> RECORDS SUPPLIED
# # # # # # #
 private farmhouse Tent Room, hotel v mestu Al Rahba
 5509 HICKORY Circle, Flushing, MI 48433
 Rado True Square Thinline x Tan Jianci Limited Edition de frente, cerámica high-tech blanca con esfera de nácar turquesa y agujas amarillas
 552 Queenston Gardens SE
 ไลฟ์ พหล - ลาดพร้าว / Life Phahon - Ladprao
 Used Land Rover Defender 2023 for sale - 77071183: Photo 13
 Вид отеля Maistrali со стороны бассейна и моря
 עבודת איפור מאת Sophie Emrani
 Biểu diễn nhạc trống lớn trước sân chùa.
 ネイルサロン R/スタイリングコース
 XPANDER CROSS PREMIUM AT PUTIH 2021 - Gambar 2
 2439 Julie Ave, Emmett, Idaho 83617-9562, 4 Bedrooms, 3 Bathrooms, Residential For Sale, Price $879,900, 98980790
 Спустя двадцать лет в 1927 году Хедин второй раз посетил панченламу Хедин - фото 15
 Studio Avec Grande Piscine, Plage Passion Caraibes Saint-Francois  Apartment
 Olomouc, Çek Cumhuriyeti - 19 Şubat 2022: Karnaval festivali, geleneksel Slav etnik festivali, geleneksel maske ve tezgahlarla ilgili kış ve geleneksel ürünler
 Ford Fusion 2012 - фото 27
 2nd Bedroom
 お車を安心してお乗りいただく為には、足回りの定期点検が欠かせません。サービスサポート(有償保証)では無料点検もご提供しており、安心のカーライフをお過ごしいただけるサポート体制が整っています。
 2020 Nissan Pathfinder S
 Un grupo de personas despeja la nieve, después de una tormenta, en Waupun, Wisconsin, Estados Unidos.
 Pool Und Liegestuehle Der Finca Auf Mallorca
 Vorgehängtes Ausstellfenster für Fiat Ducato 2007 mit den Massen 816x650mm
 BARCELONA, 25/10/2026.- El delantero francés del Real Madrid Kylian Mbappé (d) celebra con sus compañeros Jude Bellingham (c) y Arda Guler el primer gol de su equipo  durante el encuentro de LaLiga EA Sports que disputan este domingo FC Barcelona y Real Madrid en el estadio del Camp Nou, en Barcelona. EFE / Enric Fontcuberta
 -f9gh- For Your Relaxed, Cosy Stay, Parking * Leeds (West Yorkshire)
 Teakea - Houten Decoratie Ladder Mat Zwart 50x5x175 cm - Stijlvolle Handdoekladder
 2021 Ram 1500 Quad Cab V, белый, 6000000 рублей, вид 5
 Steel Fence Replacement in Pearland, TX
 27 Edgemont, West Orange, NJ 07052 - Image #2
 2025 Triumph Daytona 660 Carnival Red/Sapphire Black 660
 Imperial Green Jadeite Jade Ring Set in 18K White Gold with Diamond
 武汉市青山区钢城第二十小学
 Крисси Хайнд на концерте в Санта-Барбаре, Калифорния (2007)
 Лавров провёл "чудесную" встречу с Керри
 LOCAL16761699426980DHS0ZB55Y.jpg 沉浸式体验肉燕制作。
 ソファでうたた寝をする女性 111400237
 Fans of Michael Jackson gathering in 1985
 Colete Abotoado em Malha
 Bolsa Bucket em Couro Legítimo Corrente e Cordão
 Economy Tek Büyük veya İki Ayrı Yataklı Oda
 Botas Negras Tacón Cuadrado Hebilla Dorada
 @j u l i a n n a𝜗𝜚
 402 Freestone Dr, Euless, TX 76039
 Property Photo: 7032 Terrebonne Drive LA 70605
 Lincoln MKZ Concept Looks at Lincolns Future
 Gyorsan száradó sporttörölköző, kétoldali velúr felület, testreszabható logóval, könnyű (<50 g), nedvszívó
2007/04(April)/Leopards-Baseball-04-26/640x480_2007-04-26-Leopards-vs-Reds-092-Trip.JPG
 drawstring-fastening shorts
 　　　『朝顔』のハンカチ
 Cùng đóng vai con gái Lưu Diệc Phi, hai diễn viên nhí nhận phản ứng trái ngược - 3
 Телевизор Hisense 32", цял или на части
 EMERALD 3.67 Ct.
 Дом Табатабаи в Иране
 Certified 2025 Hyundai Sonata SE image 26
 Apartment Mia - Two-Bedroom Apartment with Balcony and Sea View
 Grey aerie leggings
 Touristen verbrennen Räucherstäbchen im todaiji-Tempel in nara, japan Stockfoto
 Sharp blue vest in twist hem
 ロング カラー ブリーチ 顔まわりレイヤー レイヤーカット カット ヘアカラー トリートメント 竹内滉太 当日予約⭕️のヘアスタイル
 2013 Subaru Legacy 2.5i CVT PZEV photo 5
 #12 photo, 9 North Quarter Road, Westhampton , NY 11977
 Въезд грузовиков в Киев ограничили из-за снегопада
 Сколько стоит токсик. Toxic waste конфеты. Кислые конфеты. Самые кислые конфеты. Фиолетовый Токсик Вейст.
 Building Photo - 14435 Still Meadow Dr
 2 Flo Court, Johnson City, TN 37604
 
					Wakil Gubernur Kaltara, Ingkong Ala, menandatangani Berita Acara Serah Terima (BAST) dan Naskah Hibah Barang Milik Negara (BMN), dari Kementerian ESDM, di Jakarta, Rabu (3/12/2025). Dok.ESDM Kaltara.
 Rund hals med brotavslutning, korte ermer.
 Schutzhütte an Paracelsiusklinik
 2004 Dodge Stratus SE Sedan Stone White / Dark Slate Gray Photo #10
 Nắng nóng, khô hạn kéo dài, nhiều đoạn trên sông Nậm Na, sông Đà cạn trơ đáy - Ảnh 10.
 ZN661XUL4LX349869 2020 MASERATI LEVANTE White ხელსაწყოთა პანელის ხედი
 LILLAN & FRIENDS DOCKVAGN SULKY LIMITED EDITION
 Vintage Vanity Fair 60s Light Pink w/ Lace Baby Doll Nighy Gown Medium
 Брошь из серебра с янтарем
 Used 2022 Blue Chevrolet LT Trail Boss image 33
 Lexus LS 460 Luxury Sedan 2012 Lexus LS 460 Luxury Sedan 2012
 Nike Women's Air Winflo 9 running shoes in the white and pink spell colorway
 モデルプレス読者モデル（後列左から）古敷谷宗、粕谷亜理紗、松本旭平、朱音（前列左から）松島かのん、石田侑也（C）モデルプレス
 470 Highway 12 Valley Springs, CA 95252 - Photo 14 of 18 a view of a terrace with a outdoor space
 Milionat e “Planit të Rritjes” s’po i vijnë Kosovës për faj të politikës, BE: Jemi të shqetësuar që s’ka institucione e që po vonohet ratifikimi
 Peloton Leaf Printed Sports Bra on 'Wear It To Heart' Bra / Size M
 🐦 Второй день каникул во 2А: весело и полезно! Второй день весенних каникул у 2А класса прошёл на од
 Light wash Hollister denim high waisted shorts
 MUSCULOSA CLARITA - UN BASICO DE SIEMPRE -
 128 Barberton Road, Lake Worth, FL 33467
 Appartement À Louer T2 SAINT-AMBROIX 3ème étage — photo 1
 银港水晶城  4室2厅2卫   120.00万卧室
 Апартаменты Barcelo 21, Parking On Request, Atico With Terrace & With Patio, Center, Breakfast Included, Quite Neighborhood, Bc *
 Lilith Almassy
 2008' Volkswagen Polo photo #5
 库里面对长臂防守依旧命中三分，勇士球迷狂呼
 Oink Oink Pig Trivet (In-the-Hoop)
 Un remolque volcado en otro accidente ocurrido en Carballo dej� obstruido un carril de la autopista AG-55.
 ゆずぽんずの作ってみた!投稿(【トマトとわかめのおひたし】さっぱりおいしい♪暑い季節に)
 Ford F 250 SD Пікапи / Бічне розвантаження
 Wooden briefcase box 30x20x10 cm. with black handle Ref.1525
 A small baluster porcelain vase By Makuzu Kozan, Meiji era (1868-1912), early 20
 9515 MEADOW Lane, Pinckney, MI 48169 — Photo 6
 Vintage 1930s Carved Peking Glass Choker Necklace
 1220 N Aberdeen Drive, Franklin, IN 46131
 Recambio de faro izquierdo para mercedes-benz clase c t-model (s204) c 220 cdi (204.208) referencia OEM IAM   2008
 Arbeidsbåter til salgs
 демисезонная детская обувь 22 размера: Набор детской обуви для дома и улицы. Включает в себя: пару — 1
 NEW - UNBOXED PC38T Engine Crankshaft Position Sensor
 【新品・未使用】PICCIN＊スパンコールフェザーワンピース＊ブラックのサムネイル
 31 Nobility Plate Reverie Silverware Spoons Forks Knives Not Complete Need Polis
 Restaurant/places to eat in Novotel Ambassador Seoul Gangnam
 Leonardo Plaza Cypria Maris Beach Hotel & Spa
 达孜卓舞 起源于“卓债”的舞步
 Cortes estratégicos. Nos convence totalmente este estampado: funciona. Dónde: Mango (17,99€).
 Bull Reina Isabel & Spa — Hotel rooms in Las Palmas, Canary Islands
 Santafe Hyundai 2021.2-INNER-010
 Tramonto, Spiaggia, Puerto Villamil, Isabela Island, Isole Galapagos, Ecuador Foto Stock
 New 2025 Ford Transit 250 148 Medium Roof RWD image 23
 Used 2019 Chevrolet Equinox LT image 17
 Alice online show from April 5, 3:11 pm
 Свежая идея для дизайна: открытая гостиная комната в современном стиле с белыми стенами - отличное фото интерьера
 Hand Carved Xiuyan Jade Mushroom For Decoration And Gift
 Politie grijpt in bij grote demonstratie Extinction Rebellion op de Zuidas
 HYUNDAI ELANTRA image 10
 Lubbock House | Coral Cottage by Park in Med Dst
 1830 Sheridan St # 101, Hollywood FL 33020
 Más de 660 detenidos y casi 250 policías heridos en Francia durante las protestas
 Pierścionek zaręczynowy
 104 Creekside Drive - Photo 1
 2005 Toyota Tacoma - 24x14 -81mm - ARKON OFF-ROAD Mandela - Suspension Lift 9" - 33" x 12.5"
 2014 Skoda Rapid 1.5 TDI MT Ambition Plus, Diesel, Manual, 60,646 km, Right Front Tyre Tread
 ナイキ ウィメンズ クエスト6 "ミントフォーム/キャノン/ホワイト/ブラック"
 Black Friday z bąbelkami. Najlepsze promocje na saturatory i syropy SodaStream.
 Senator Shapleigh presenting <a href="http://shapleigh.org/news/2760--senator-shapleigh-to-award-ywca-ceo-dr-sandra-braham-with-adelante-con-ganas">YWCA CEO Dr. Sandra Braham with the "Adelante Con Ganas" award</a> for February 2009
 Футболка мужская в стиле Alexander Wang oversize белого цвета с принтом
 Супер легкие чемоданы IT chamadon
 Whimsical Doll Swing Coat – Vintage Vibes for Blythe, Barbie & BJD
# # # # # # #
> WORK INSTRUCTION
Using only the entries above, output the line with "עבודת איפור מאת Sophie Emrani", the line with "Lincoln MKZ Concept Looks at Lincolns Future", and all lines between them, exactly as they stand.

> SOLUTION BELOW
 עבודת איפור מאת Sophie Emrani
 Biểu diễn nhạc trống lớn trước sân chùa.
 ネイルサロン R/スタイリングコース
 XPANDER CROSS PREMIUM AT PUTIH 2021 - Gambar 2
 2439 Julie Ave, Emmett, Idaho 83617-9562, 4 Bedrooms, 3 Bathrooms, Residential For Sale, Price $879,900, 98980790
 Спустя двадцать лет в 1927 году Хедин второй раз посетил панченламу Хедин - фото 15
 Studio Avec Grande Piscine, Plage Passion Caraibes Saint-Francois  Apartment
 Olomouc, Çek Cumhuriyeti - 19 Şubat 2022: Karnaval festivali, geleneksel Slav etnik festivali, geleneksel maske ve tezgahlarla ilgili kış ve geleneksel ürünler
 Ford Fusion 2012 - фото 27
 2nd Bedroom
 お車を安心してお乗りいただく為には、足回りの定期点検が欠かせません。サービスサポート(有償保証)では無料点検もご提供しており、安心のカーライフをお過ごしいただけるサポート体制が整っています。
 2020 Nissan Pathfinder S
 Un grupo de personas despeja la nieve, después de una tormenta, en Waupun, Wisconsin, Estados Unidos.
 Pool Und Liegestuehle Der Finca Auf Mallorca
 Vorgehängtes Ausstellfenster für Fiat Ducato 2007 mit den Massen 816x650mm
 BARCELONA, 25/10/2026.- El delantero francés del Real Madrid Kylian Mbappé (d) celebra con sus compañeros Jude Bellingham (c) y Arda Guler el primer gol de su equipo  durante el encuentro de LaLiga EA Sports que disputan este domingo FC Barcelona y Real Madrid en el estadio del Camp Nou, en Barcelona. EFE / Enric Fontcuberta
 -f9gh- For Your Relaxed, Cosy Stay, Parking * Leeds (West Yorkshire)
 Teakea - Houten Decoratie Ladder Mat Zwart 50x5x175 cm - Stijlvolle Handdoekladder
 2021 Ram 1500 Quad Cab V, белый, 6000000 рублей, вид 5
 Steel Fence Replacement in Pearland, TX
 27 Edgemont, West Orange, NJ 07052 - Image #2
 2025 Triumph Daytona 660 Carnival Red/Sapphire Black 660
 Imperial Green Jadeite Jade Ring Set in 18K White Gold with Diamond
 武汉市青山区钢城第二十小学
 Крисси Хайнд на концерте в Санта-Барбаре, Калифорния (2007)
 Лавров провёл "чудесную" встречу с Керри
 LOCAL16761699426980DHS0ZB55Y.jpg 沉浸式体验肉燕制作。
 ソファでうたた寝をする女性 111400237
 Fans of Michael Jackson gathering in 1985
 Colete Abotoado em Malha
 Bolsa Bucket em Couro Legítimo Corrente e Cordão
 Economy Tek Büyük veya İki Ayrı Yataklı Oda
 Botas Negras Tacón Cuadrado Hebilla Dorada
 @j u l i a n n a𝜗𝜚
 402 Freestone Dr, Euless, TX 76039
 Property Photo: 7032 Terrebonne Drive LA 70605
 Lincoln MKZ Concept Looks at Lincolns Future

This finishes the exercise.